### Work to be completed
Please return exactly the lines from the one containing "남성용 파카스 겨울면" through the end of the records, including both.

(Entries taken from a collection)

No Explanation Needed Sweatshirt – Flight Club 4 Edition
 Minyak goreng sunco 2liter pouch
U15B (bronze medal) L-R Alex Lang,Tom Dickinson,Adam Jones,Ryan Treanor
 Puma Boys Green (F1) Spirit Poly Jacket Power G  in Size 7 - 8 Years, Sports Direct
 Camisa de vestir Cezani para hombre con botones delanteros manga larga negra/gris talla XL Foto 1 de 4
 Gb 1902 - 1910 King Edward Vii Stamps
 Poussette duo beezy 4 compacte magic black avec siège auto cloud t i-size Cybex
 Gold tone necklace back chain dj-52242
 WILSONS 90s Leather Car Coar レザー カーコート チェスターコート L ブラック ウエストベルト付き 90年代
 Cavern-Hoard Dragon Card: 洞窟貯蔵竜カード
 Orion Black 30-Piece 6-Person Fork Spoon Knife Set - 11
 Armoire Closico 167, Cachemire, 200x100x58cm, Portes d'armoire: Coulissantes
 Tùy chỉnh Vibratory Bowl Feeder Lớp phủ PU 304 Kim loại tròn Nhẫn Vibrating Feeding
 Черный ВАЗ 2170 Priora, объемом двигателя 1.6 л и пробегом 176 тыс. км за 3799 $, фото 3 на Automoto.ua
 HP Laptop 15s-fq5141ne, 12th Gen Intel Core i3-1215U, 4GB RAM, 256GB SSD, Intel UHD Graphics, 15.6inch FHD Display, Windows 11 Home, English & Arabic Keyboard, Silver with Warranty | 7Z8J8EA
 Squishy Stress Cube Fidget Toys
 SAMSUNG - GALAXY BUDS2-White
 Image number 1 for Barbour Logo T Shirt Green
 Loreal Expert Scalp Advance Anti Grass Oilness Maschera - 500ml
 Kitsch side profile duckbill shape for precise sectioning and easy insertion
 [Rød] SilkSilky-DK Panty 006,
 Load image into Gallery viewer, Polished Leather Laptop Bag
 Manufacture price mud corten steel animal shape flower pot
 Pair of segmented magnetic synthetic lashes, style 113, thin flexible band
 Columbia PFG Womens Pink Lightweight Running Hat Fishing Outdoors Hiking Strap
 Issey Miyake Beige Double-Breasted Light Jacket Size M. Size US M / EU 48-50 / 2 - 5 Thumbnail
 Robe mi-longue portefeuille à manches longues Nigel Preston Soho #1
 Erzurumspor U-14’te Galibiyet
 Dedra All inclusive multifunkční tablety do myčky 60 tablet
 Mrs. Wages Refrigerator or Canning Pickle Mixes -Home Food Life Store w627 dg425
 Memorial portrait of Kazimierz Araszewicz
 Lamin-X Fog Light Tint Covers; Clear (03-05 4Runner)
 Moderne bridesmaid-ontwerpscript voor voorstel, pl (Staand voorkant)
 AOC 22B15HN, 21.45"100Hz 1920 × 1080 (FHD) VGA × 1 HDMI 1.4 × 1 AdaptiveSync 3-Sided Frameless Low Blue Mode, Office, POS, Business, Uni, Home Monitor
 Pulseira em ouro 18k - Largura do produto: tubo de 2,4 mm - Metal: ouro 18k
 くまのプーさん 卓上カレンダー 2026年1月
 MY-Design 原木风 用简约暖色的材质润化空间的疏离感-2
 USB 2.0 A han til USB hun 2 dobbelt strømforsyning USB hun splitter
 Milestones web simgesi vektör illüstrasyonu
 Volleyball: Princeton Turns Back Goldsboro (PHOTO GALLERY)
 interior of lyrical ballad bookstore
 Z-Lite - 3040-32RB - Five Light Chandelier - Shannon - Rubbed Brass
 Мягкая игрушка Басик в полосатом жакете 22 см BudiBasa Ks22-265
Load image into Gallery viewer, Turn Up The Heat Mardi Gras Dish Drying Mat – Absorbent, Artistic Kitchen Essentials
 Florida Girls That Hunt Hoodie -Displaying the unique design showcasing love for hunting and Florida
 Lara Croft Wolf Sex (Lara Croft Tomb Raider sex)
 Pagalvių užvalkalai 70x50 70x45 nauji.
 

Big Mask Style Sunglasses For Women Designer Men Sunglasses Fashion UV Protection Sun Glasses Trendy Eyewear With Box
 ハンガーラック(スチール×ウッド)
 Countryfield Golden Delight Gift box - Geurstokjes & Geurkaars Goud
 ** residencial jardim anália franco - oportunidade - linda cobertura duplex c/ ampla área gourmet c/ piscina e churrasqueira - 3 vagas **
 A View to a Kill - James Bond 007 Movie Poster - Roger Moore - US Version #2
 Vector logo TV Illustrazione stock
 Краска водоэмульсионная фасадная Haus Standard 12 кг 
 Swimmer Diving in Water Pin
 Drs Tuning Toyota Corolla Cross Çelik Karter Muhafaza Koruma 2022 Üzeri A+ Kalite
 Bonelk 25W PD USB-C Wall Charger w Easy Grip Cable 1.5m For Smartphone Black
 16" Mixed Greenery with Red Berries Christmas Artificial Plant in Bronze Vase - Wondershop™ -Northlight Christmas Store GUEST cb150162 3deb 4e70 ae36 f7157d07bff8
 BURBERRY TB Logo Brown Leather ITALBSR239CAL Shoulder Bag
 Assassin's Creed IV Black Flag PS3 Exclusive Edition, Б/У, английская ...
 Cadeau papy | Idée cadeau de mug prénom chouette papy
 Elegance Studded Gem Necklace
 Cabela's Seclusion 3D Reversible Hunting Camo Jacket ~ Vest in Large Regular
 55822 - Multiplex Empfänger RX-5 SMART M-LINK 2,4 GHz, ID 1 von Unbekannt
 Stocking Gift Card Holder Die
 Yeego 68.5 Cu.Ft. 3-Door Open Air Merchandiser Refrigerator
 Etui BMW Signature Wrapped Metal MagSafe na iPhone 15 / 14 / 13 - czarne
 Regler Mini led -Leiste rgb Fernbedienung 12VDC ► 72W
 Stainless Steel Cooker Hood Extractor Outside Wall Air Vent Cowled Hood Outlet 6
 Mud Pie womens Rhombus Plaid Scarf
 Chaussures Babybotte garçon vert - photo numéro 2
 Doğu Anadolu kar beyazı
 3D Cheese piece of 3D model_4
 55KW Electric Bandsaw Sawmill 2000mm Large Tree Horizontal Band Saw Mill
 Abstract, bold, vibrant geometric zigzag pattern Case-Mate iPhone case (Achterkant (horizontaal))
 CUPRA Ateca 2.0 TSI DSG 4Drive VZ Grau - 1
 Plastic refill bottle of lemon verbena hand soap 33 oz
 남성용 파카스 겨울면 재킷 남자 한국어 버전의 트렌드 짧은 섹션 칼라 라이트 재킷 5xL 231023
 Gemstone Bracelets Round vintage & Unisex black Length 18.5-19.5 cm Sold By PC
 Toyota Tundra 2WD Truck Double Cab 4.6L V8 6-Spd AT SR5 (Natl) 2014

### Solution to the problem
 남성용 파카스 겨울면 재킷 남자 한국어 버전의 트렌드 짧은 섹션 칼라 라이트 재킷 5xL 231023
 Gemstone Bracelets Round vintage & Unisex black Length 18.5-19.5 cm Sold By PC
 Toyota Tundra 2WD Truck Double Cab 4.6L V8 6-Spd AT SR5 (Natl) 2014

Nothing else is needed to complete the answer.